| HN Mirror

This has always been my intuitive explanation as well, and seems related to how a typical over-parameterized net can memorize a randomly labelled training set, yet the same net will be able to generalize (opposite of memorize) if trained on a meaningfully labelled training set (i.e. one where the labels are non-random, and correspond to features in the training data).

With the randomly labelled dataset these activation "modes" are essentially gerrymandered to fit the data since the datapoints have no common features correlated to the labels to cause it to do otherwise.

With the meaningfully labelled dataset, and a smooth loss landscape, multiple datapoints with common features & labels will be pushing these activation modes in the same direction creating "high density modes" within which meaningful generalization occurs.

Generalization, or lack of it, is of course also intimately related to adversarial attacks.

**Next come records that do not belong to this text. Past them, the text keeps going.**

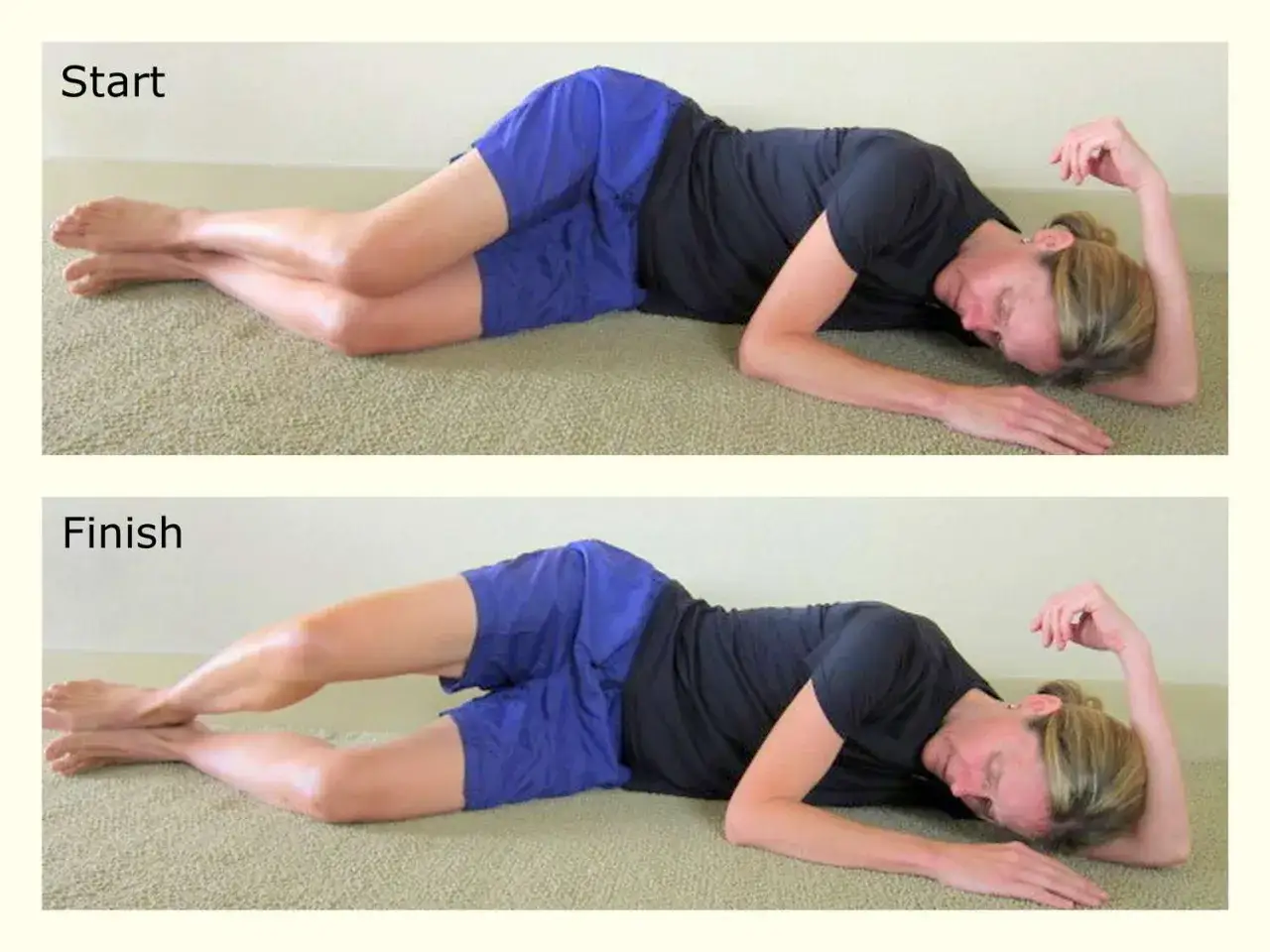 Esercizio per la bandelletta ileotibiale: posizione iniziale e finale di un movimento di stretching laterale delle gambe.
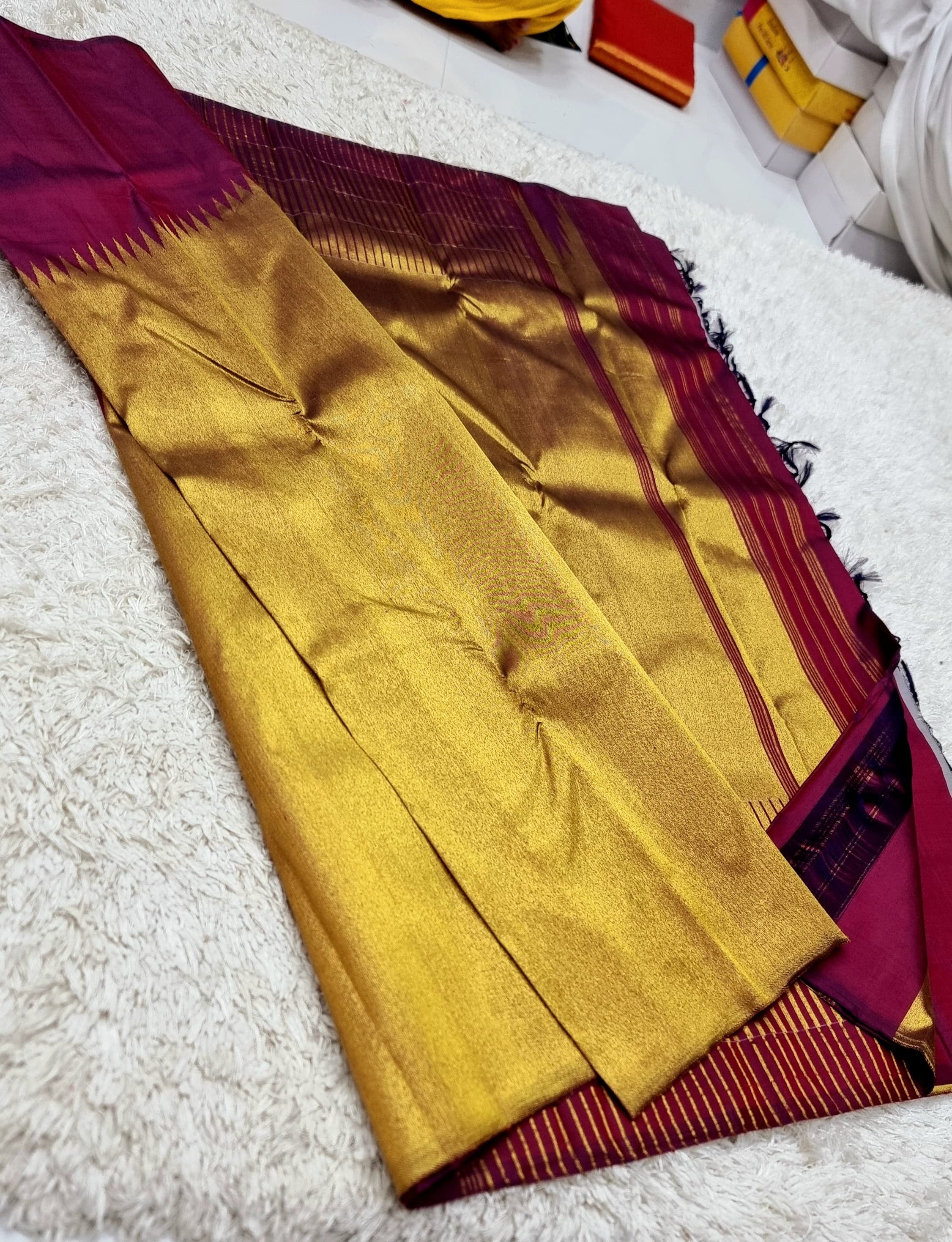 Classic Maroon Airline Rising Border 2gm Zari Elegance Kanchipuram Handloom Silk Saree SS20704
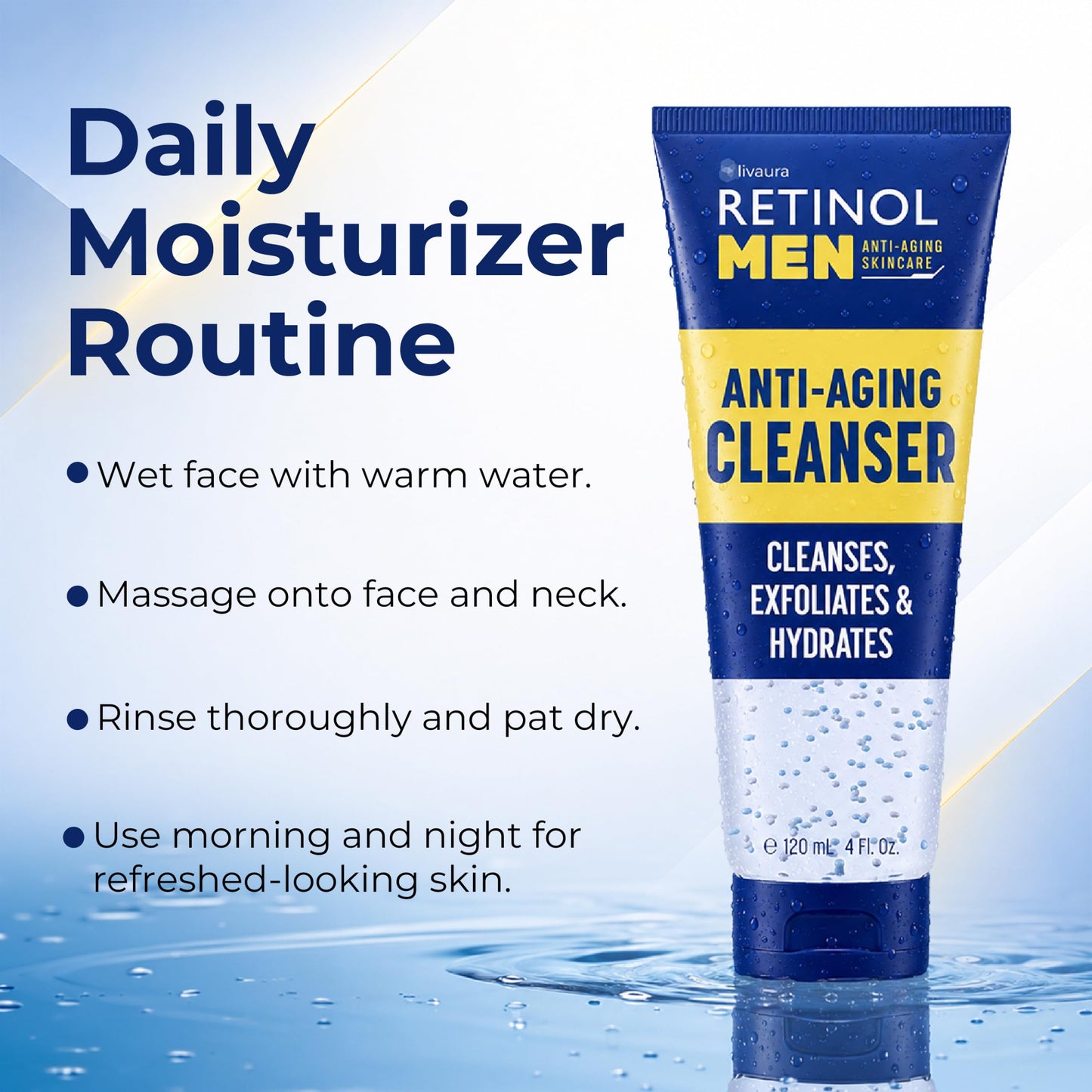 LIVAURA Retinol Face Wash for Men - Gentle Daily Gel Cleanser for Oily Skin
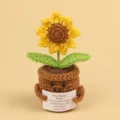 Handmade crochet sunflower potted plant with inspirational emotional support message card - Small Sunflower / Yellow
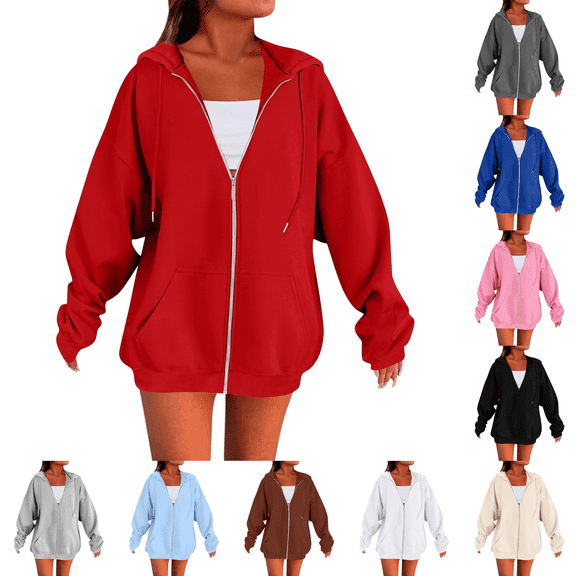 Zip up Hoodie Women Lightweight Fleece Jacket Oversized Plain Sweatshirt Y2K Casual Workout Athletic Sweat Jackets Cute Comfort Baggy Zipper Hoodies Shirts Fall Red 2XL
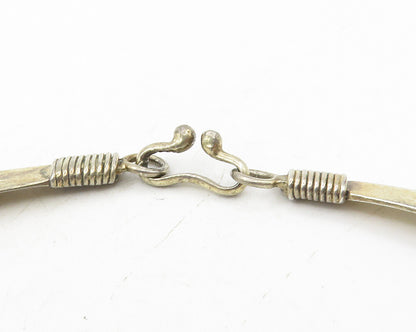 TAN BOGOTA 925 Silver  Vintage Wire Wrapped Curved Bar Chain Necklace  NE1911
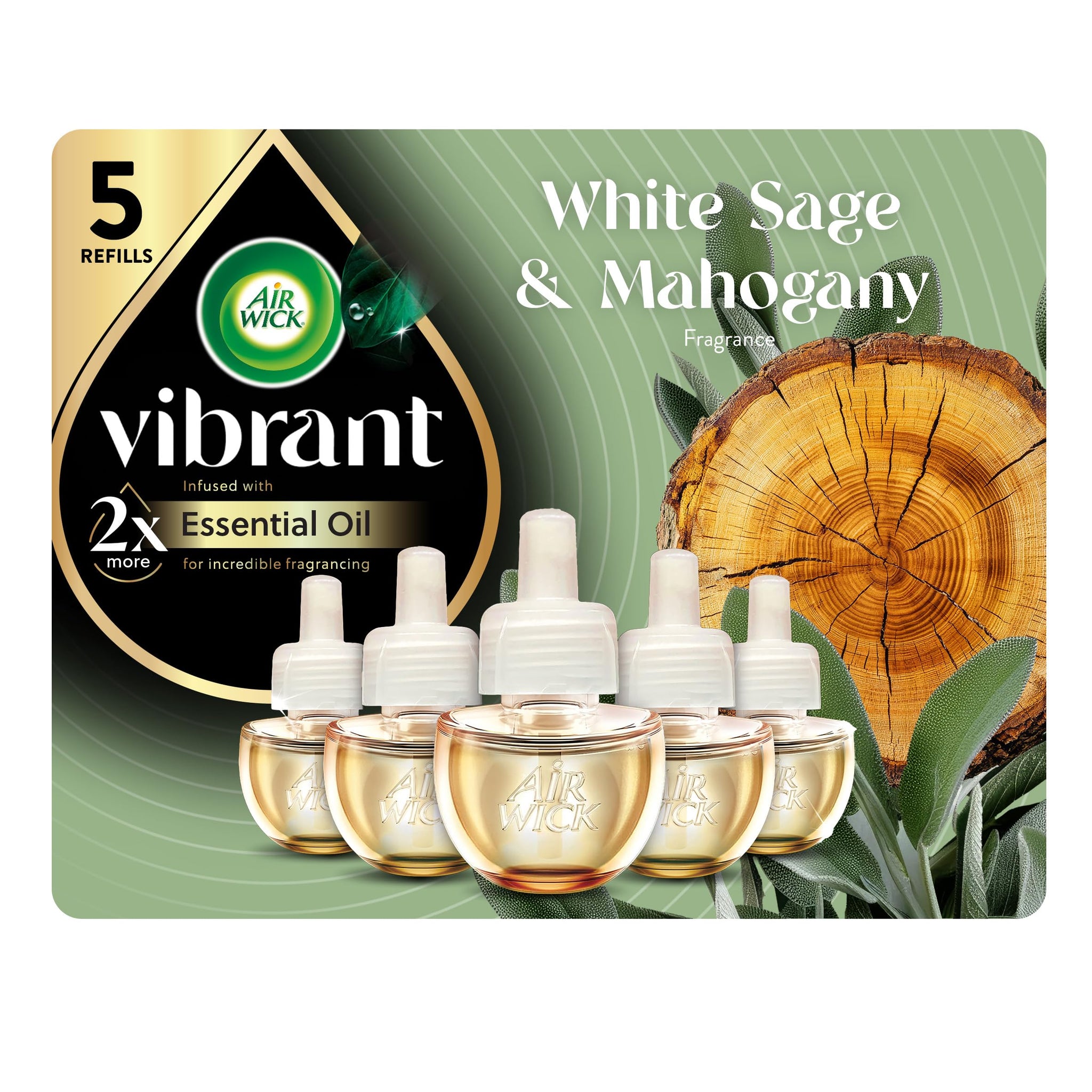 Air Wick Plug in Scented Oil Refill, 5ct, White Sage & Mahogany, Air Freshener, Essential Oils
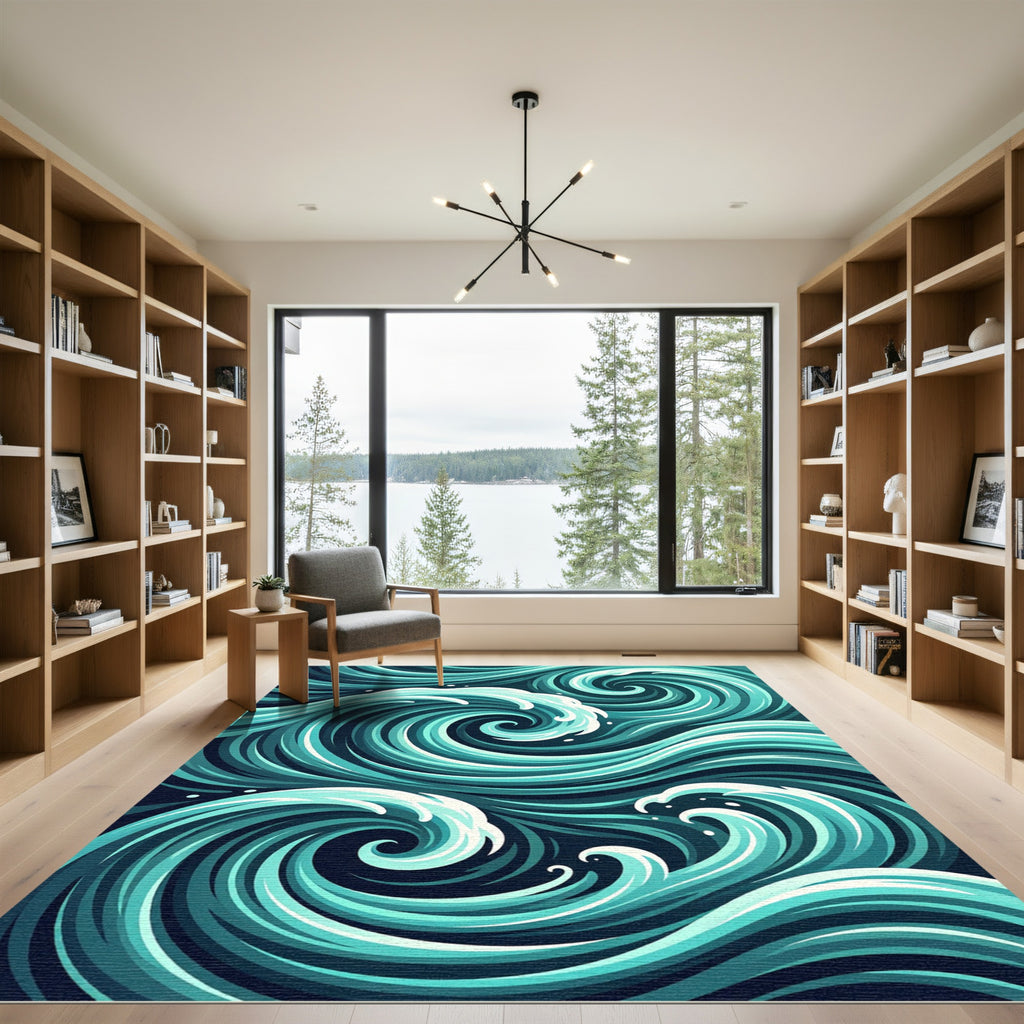 Contemporary Teal Swirling Oceanic Wave Rug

It seems that what is going on there is that these high density modes are only disconnected from each other (by areas of low density) when considering the degrees of freedom of data on the training set manifold. In the unconstrained input space off the natural data manifold, these high density areas of different generalization are likely to be connected and it's easy to select an "unnatural feature" that will push a datapoint from mapping to one mode to another.

I've suggested this explanation of generalization a number of times over the years, and always had negative feedback from folk who think there's more to the "generalization mystery" than this.